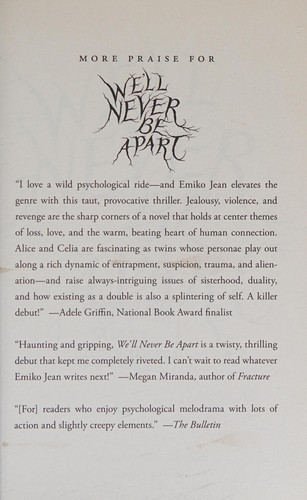 Emiko Jean: We'll Never Be Apart (2016, Houghton Mifflin Harcourt Publishing Company)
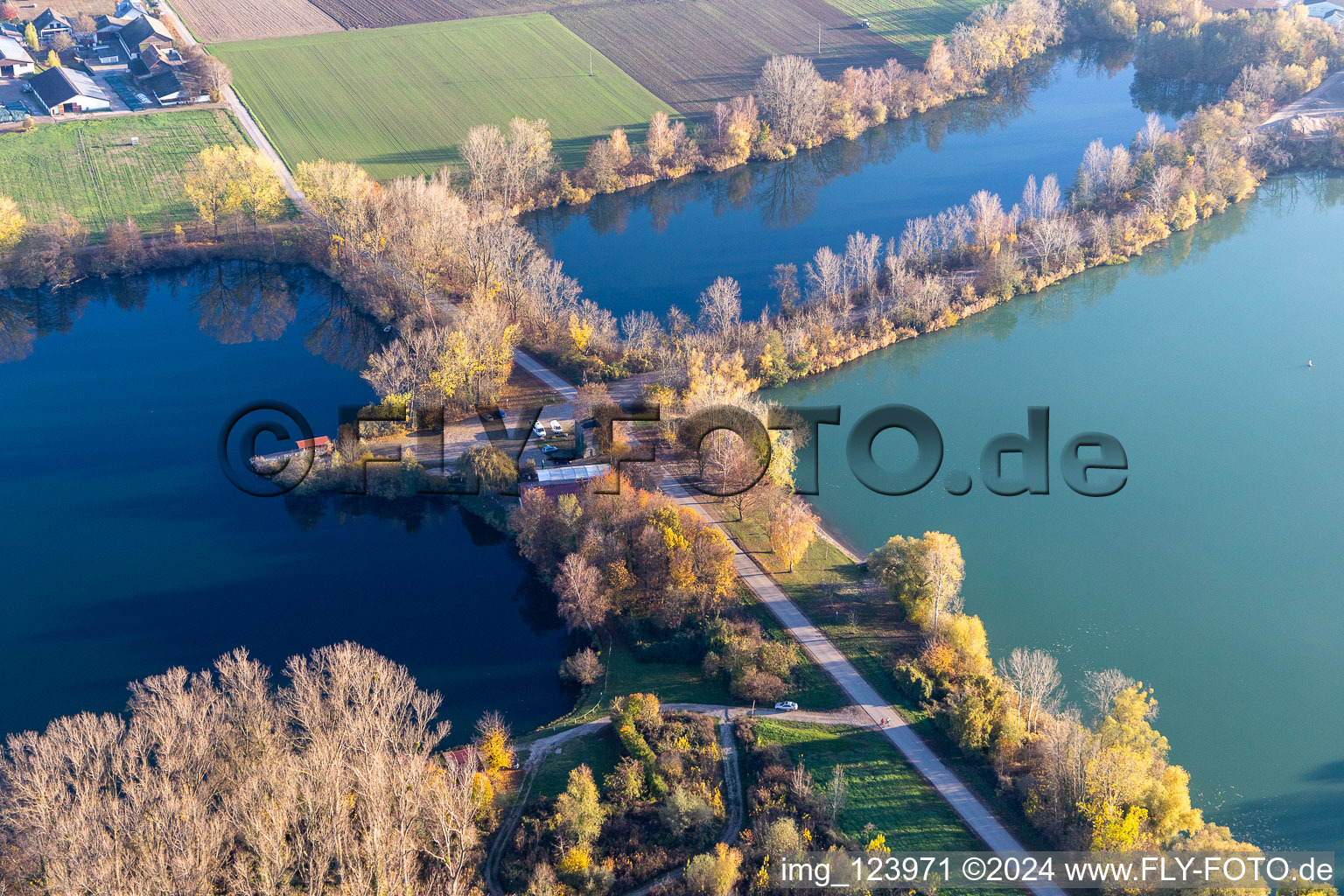 Fishing home on the Old Rhine in Neupotz in the state Rhineland-Palatinate, Germany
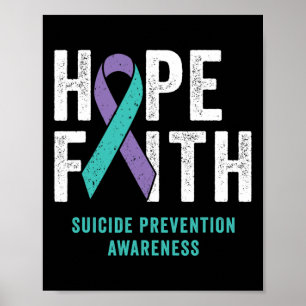 Póster Faith Hope Suicidio Prevención De Suicidios Concie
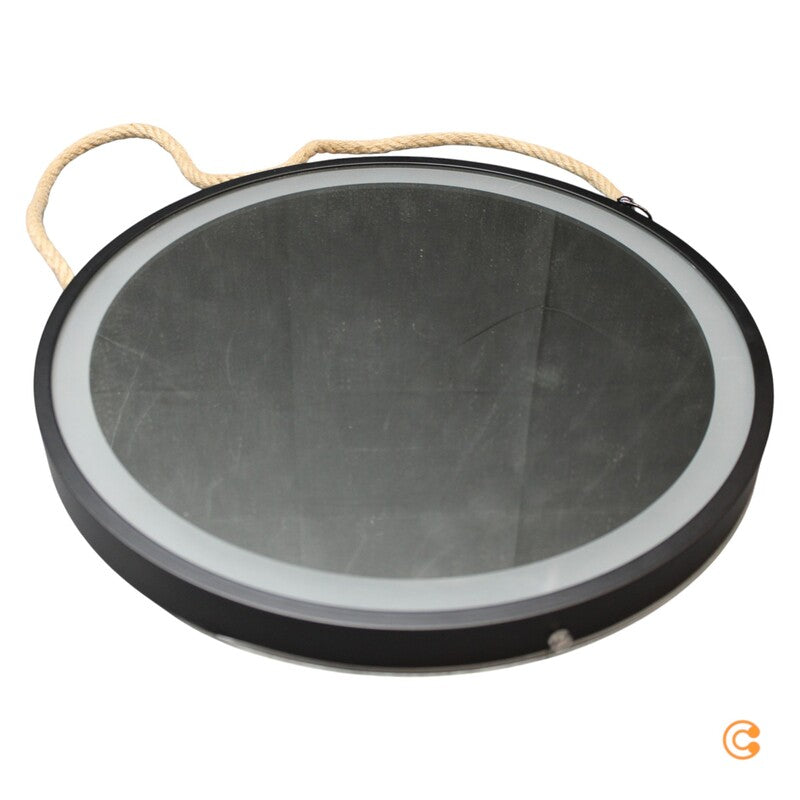 Paul Neuhaus Wandspiegel Spiegel LED Vidro Powerbank schwarz hängend Glas Metall - 4012248392140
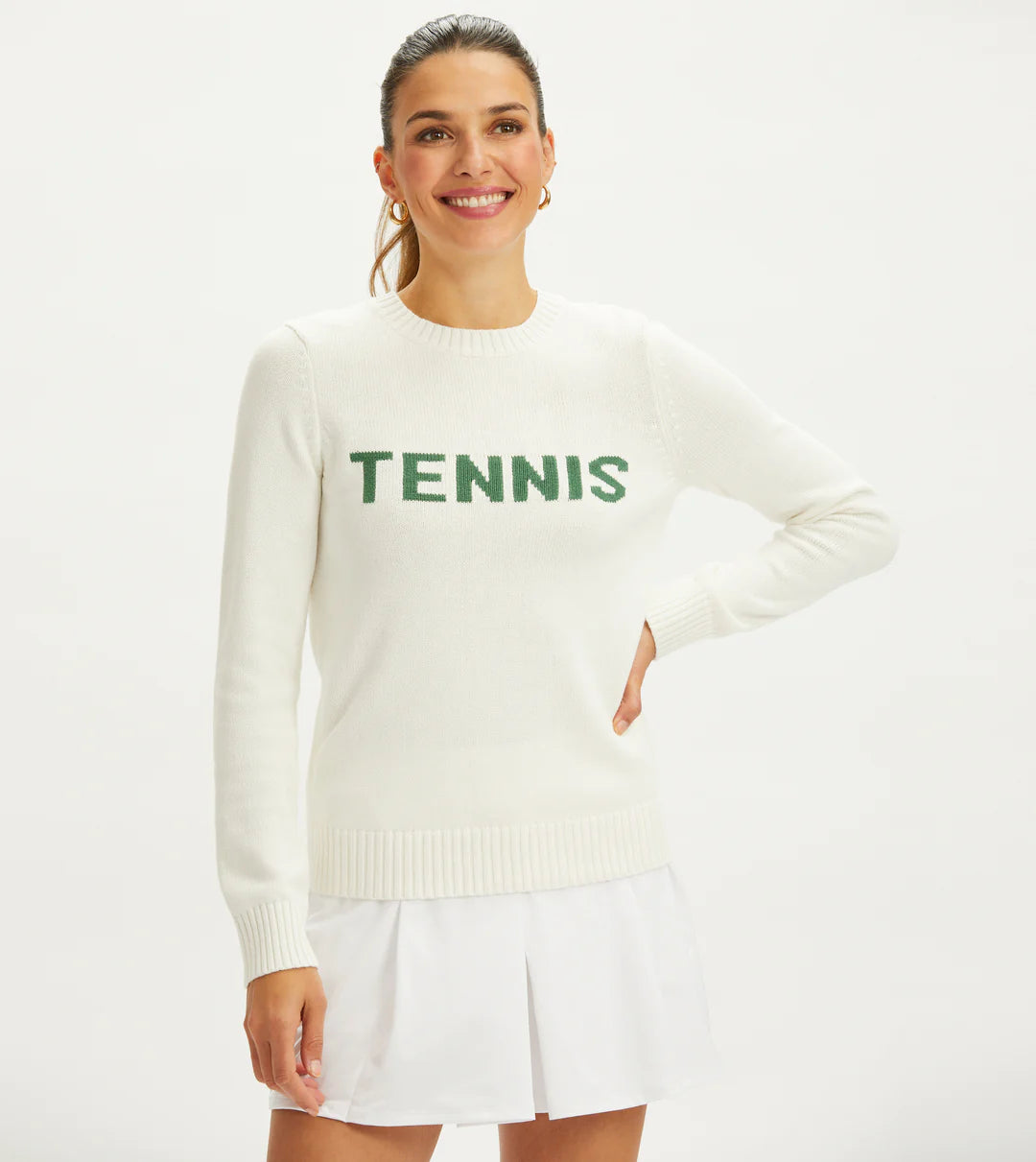 Tennis Sweater - Ivory/Green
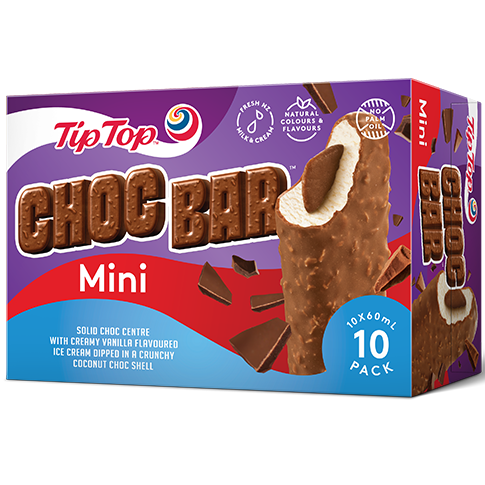 Tip Top Ice Cream Choc Bar Minis 10pk 600ml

***

◆ Instructions for the task ◆
With the pictures omitted, restate every entry above word for word.

◆ Answer box ◆
 Emiko Jean: We'll Never Be Apart (2016, Houghton Mifflin Harcourt Publishing Company)
 Fishing home on the Old Rhine in Neupotz in the state Rhineland-Palatinate, Germany
 Póster Faith Hope Suicidio Prevención De Suicidios Concie
 Paul Neuhaus Wandspiegel Spiegel LED Vidro Powerbank schwarz hängend Glas Metall - 4012248392140
 Tennis Sweater - Ivory/Green
 Tip Top Ice Cream Choc Bar Minis 10pk 600ml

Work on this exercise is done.